Rather than making concessions, large private-sector employers are looking to further roll back labor’s power. Companies such as American Airlines and Hostess Brands (maker of Twinkies and Wonder Bread) have filed for Chapter 11 and are using the bankruptcy courts to decimate their collective bargaining agreements and gut pension plans.

Verizon continues to stonewall in negotiations with members of the Communications Workers of America, who struck the company for two weeks last summer in the face of unprecedented concessionary demands from management but then went back to work without a new contract. CWA is also facing difficult negotiations with AT&T, even though the union went out on a limb to support the company’s ultimately unsuccessful bid to take over T-Mobile.

There have been a few relatively bright spots for labor. For example, after being locked out for three months, Steelworkers union members at Cooper Tire and Rubber managed to negotiate a new contract that excluded the company’s demand for a five-tier wage structure with no guaranteed pay increases.

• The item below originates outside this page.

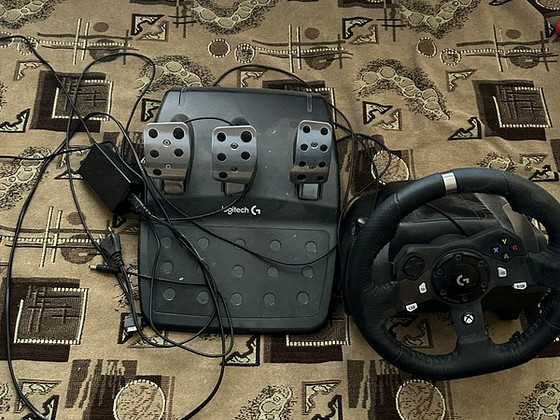 Игровое устройство Logitech g920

Yet organized labor has not been able to take the offensive in a significant way, and employers continue to feel emboldened. This comes through loud and clear in the results of the latest Employers Bargaining Objectives survey conducted by Bloomberg BNA (summarized in the April 11 edition of Labor Relations Week).

“Employers are fairly brimming with confidence as they head into 2012 talks,” Bloomberg BNA writes. “Nine out of 10 of the employers surveyed are either fairly confident or highly confident of obtaining the goals they have set for their labor agreements.”

Those goals, of course, do not include hikes in pay and improvements in working conditions. In fact, only 11 percent of respondents said they expected to have to negotiate significant wage increases, while 27 percent said they planned to bargain for no improvements at all in wage rates. Many employers expect to shift more health care costs to workers, and few expect to agree to stronger job security provisions.

Employers are prepared to play hardball in seeking their objectives. For example, one-quarter of manufacturing-sector respondents told Bloomberg BNA they would be likely to resort to a lockout of workers if they did not get their way in negotiations. Corporations have little fear of strikes, which are all but extinct, and if workers do dare to walk out, employers are confident of prevailing—or at least maintaining the kind of impasse that exists at Verizon.

Such arrogance is not surprising at a time when unemployment levels remain high and private-sector unionization rates are abysmally low. The question is what it will take to shatter employer intransigence.

One piece of the solution is greater cooperation between unions and the rest of the broader corporate accountability movement, and that’s exactly what seems to be emerging from the 99% Spring offensive.

Strong private sector unions in the United States are an essential check on the power of large corporations and one of the most effective vehicles for raising living standards. Corporate accountability will mean much more when big business is running away not only from ALEC but also from union-busting.